Here is a minimal working example:

import timeit

from functools import partial

import jax
import numpy as np

from jax import lax
from jax import numpy as jnp

N_STEPS = 1_000
N_ROWS, N_COLS = 100, 500
N_ROW_REPEATS = 10

@partial(jax.jit, static_argnames="mode", donate_argnames="state")
def insert_fn(state, row, col, value, mode):
    if mode == "slice1":
        update = jnp.concatenate([jnp.array([[value]]), lax.dynamic_slice(state, start_indices=(row, col), slice_sizes=(1, N_COLS))], axis=-1)
        return lax.dynamic_update_slice(state, update=update, start_indices=(row, col))
    if mode == "slice2":
        update = lax.dynamic_slice(state, start_indices=(row, col), slice_sizes=(1, N_COLS))
        state = lax.dynamic_update_slice(state, update=update, start_indices=(row, col + 1))
        return state.at[row, col].set(value)
    elif mode == "scatter":
        indices = col + np.arange(N_COLS + 1, dtype=np.int32)
        values = jnp.r_[value, lax.dynamic_slice(state, start_indices=(row, col), slice_sizes=(1, N_COLS)).ravel()]
        return state.at[row, indices].set(values, indices_are_sorted=True, unique_indices=True)
    elif mode == "combo1":
        update = lax.dynamic_slice(state, start_indices=(row, col), slice_sizes=(1, N_COLS))
        state = lax.dynamic_update_slice(state, update=update, start_indices=(row, col + 1))
        indices = col + np.arange(1, dtype=np.int32)
        values = jnp.array([value])
        return state.at[row, indices].set(values, indices_are_sorted=True, unique_indices=True)
    elif mode == "combo2":
        update = lax.dynamic_slice(state, start_indices=(row, col + 1), slice_sizes=(1, N_COLS - 1))
        state = lax.dynamic_update_slice(state, update=update, start_indices=(row, col + 2))
        indices = col + np.arange(2, dtype=np.int32)
        values = jnp.array([value, state[row, col]])
        return state.at[row, indices].set(values, indices_are_sorted=True, unique_indices=True)
    else:
        raise ValueError(f"unknown {mode=}")

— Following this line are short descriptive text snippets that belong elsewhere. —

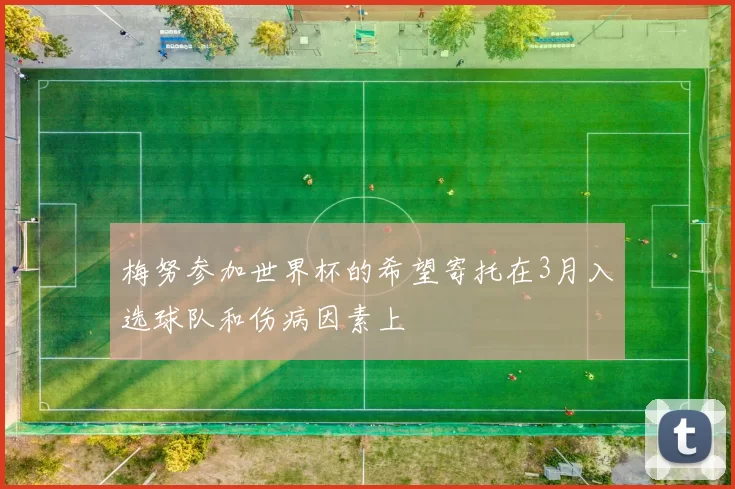 梅努参加世界杯的希望寄托在3月入选球队和伤病因素上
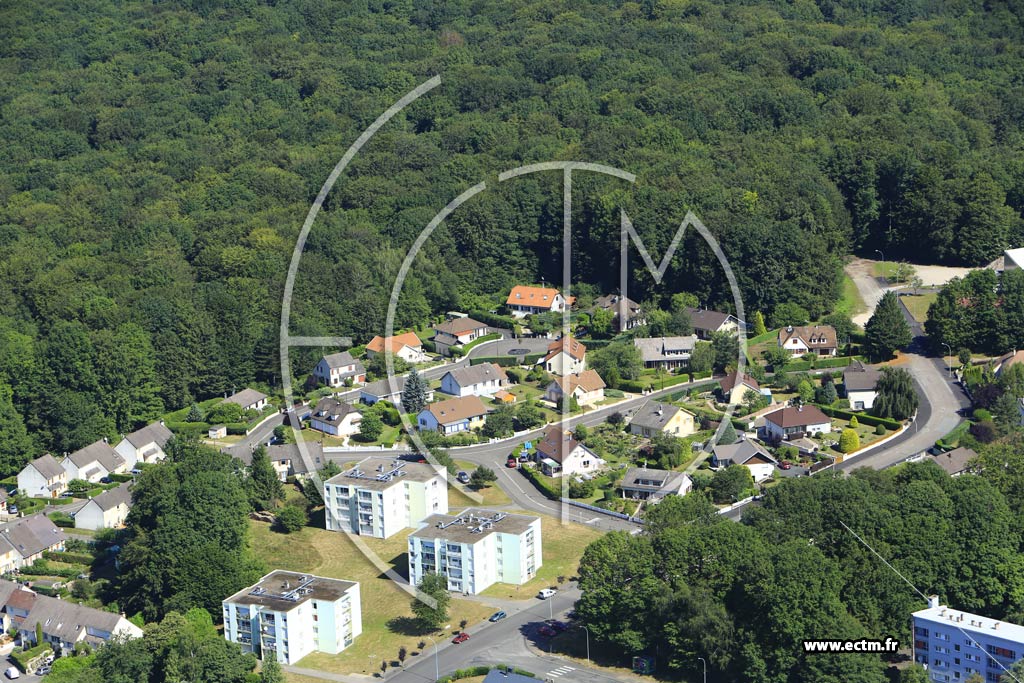Photo arienne de Luxeuil-les-Bains (le Beau Regard)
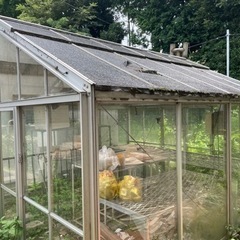 【取引中】温室　生活雑貨 家庭用品 ガーデニング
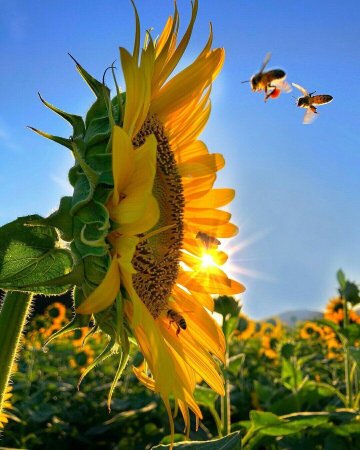 Подсолнухи и солнце
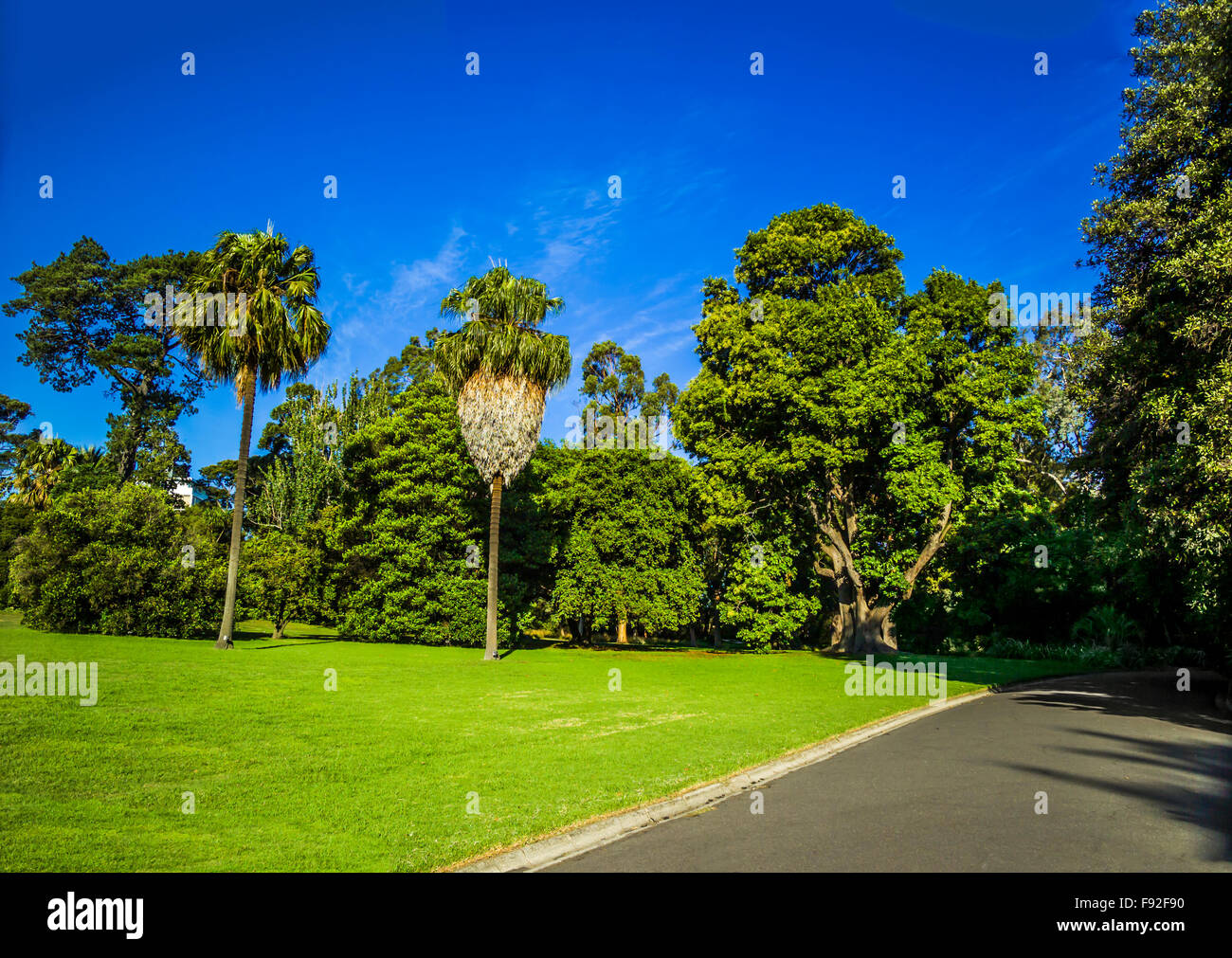 Palm trees in public space, Royal Botanic Gardens, Melbourne, Australia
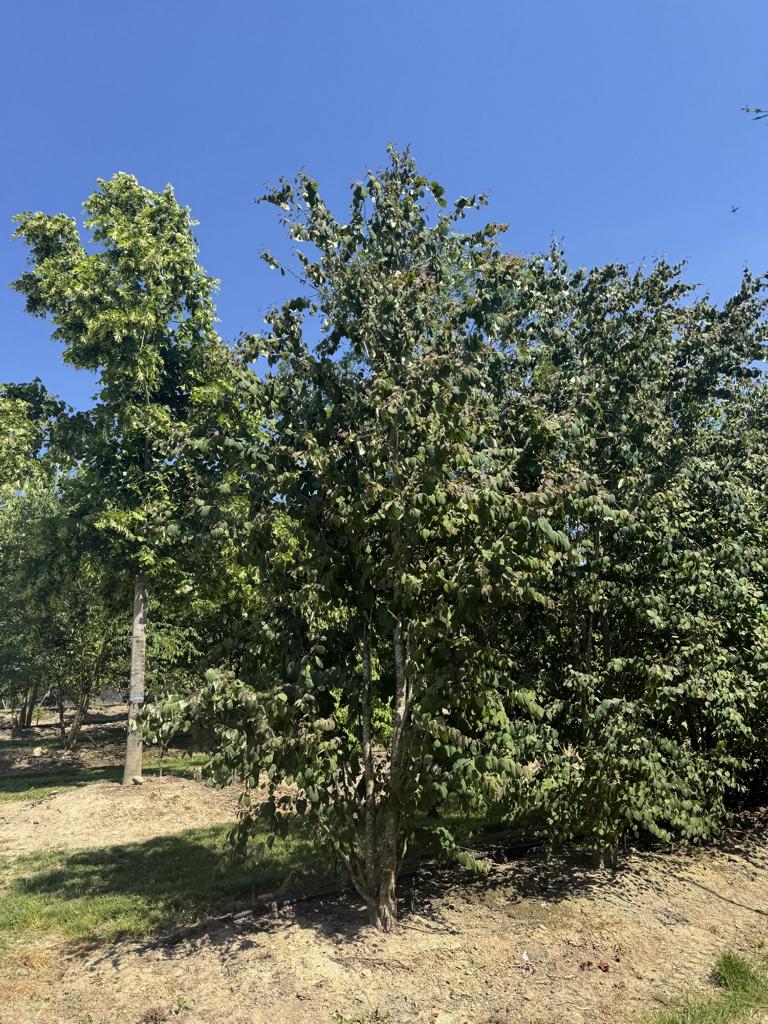 Cercidiphyllum japonicum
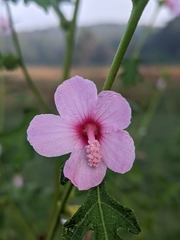 Urena procumbens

@partial(jax.jit, donate_argnames="state")
def delete_fn(state, row, col):
    update = lax.dynamic_slice(state, start_indices=(row, col + 1), slice_sizes=(1, N_COLS))
    return lax.dynamic_update_slice(state, update=update, start_indices=(row, col))

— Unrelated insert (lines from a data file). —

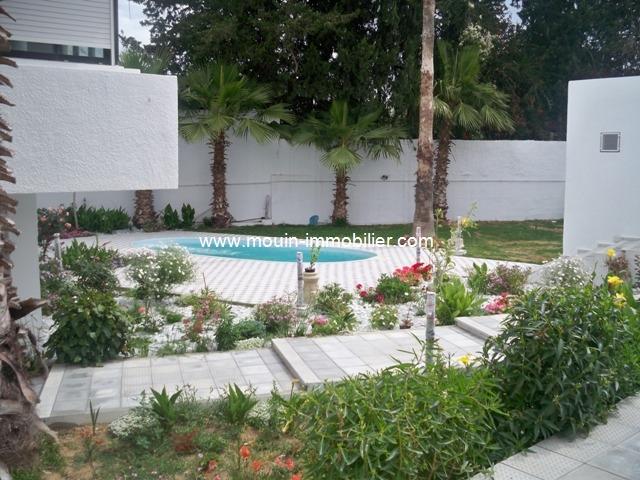 Photo flora hause AV763 saukra tunis image 2/6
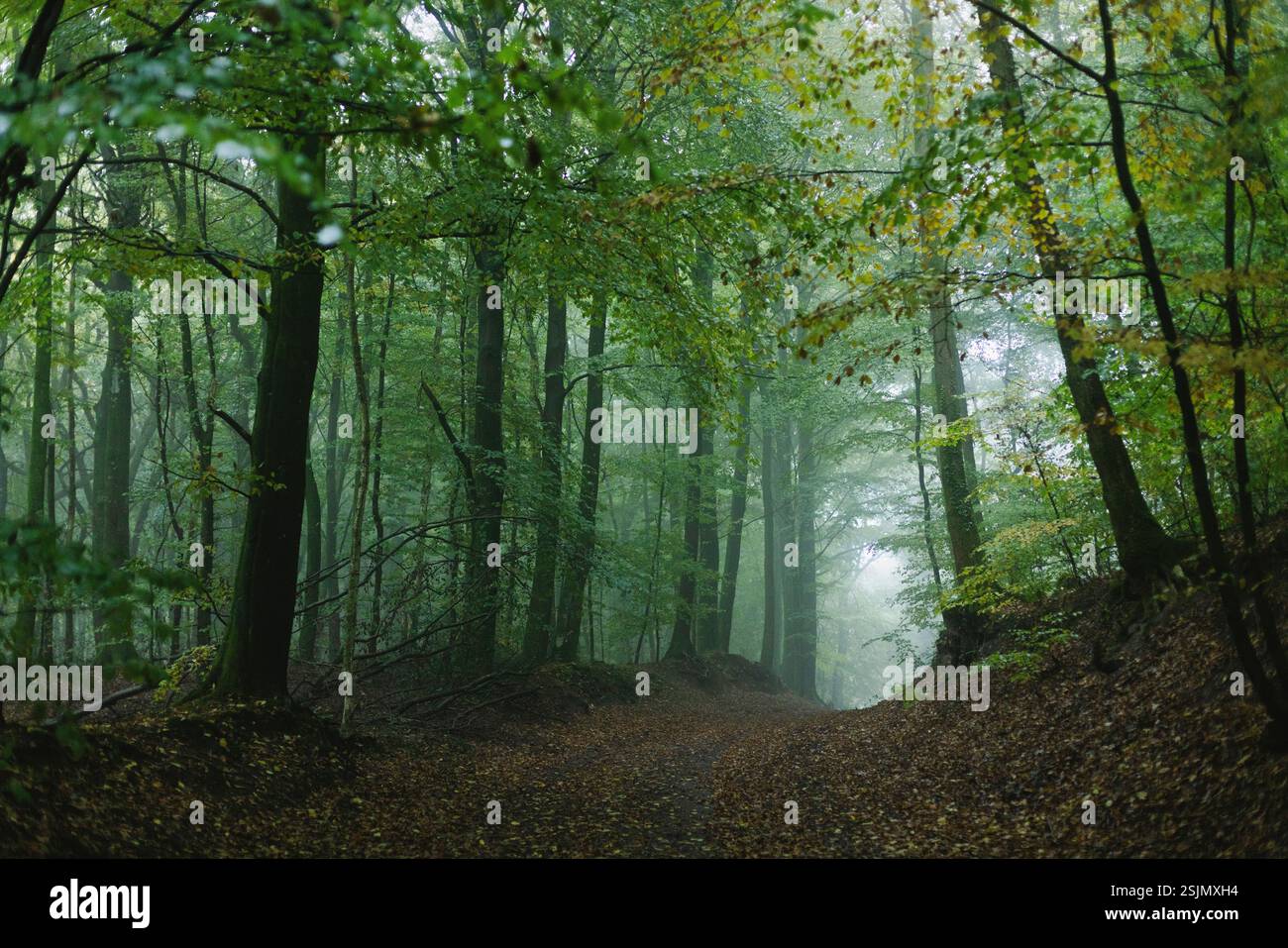 Forêt d'automne, Fröruper berge, Oeversee Banque D'Images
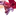 와일드 베리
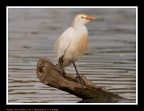 Airone Guardabuoi (Bubulcus ibis) Airone Guardabuoi (Bubulcus ibis)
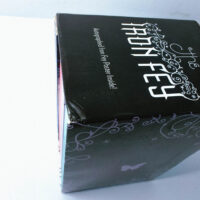 The Iron Fey Boxed Set by Julie Kagawa (Set of 4) - Image 8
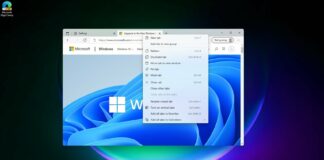 Microsoft Edge for Windows 11 with split screen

@partial(jax.jit, static_argnames="mode", donate_argnames="state")
def update_fn(state, inputs, mode):
    (insert_row, delete_row), (insert_col, delete_col), value = inputs
    state = insert_fn(state, insert_row, insert_col, value, mode)
    state = delete_fn(state, delete_row, delete_col)
    return state, None

@partial(jax.jit, static_argnames="mode")
def loss_fn(w, mode, init_state, target_state, row_indices, col_indices, insert_values):
    state, _ = lax.scan(partial(update_fn, mode=mode), init_state, (row_indices, col_indices, insert_values**w))
    return ((target_state - state[:N_ROWS, :N_COLS]) ** 2).mean()

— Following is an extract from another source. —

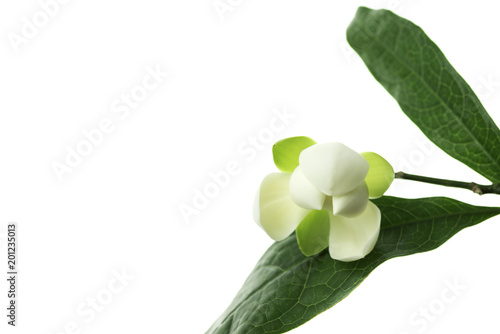White magnolia flower on isolated background.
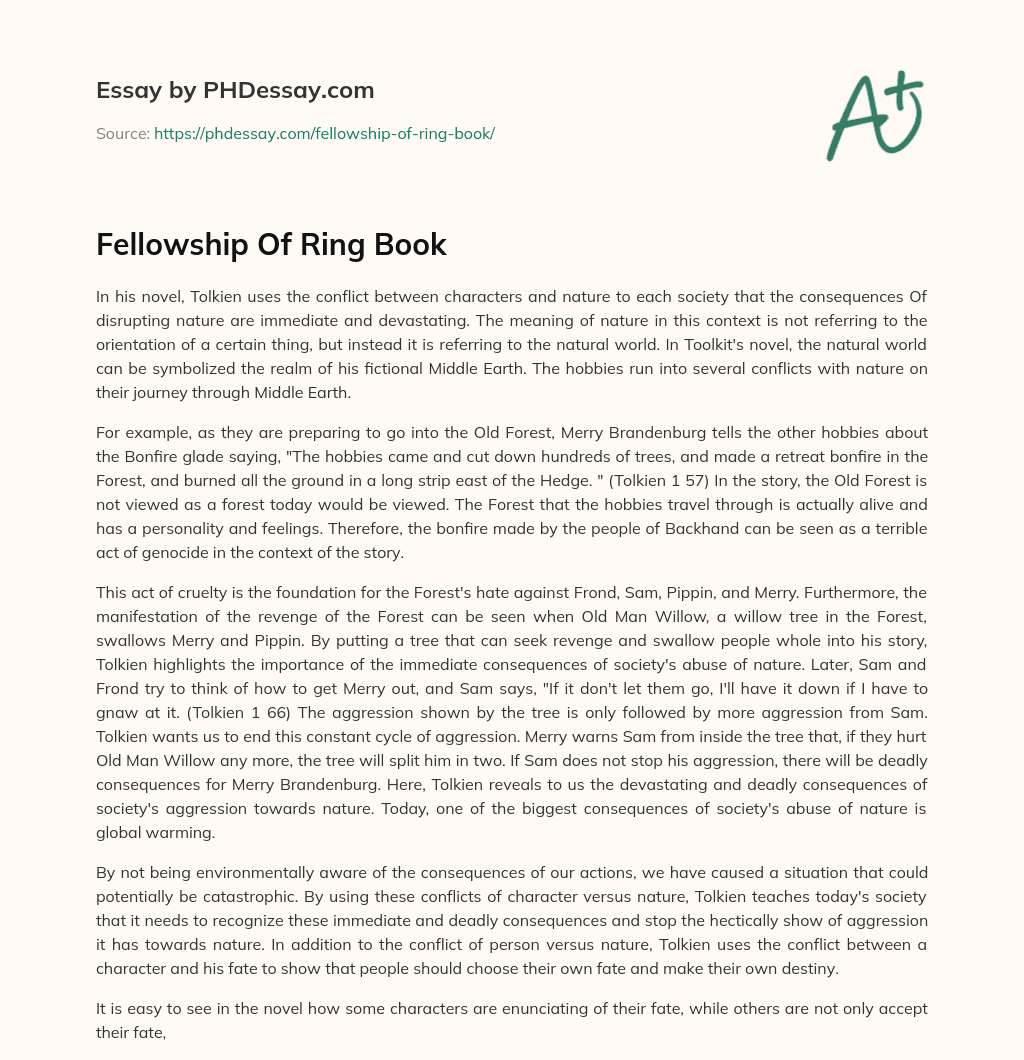 Fellowship Of Ring Book essay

if __name__ == "__main__":
    np.random.seed(42)
    init_state = jnp.zeros(shape=(N_ROWS * N_ROW_REPEATS, N_COLS * 2), dtype=jnp.float32)
    loss_kwargs = dict(
        target_state=jnp.asarray(np.random.random(size=(N_ROWS, N_COLS)).astype(np.float32)),
        row_indices=jnp.asarray(np.random.randint(low=0, high=N_ROWS, size=(N_STEPS, 2), dtype=np.int32)),
        col_indices=jnp.asarray(np.random.randint(low=0, high=N_COLS, size=(N_STEPS, 2), dtype=np.int32)),
        insert_values=jnp.asarray(np.random.random(size=N_STEPS).astype(np.float32)),
    )

    modes = "slice1", "slice2", "scatter", "combo1", "combo2"
    loss_fns = {k: jax.jit(partial(loss_fn, mode=k, init_state=init_state.copy(), **loss_kwargs)) for k in modes}
    vjp_fns = {k: jax.jit(jax.grad(v)) for k, v in loss_fns.items()}
    jvp_fns = {k: jax.jit(partial(jax.jvp, fun=v, tangents=[jnp.float32(1)])) for k, v in loss_fns.items()}

    # Run all functions once to JIT-compile
    g = None
    w = jnp.float32(2)
    for k in loss_fns.keys():
        loss_fns[k](w).block_until_ready()
        g1 = vjp_fns[k](w).block_until_ready()
        g2 = jvp_fns[k](primals=[w])[1].block_until_ready()
        if g is None:
            g = g1
            print(f"{g=}")
        assert np.isclose(g, g1)
        assert np.isclose(g, g2)

    # Run benchmarks
    n = 10
    for k in loss_fns.keys():
        print()
        print(k)
        print(f"  loss: {timeit.timeit(lambda: loss_fns[k](w).block_until_ready(), number=n) / n : .5f}")
        print(f"   vjp: {timeit.timeit(lambda: vjp_fns[k](w).block_until_ready(), number=n) / n : .5f}")
        print(f"   jvp: {timeit.timeit(lambda: jvp_fns[k](primals=[w])[1].block_until_ready(), number=n) / n : .5f}")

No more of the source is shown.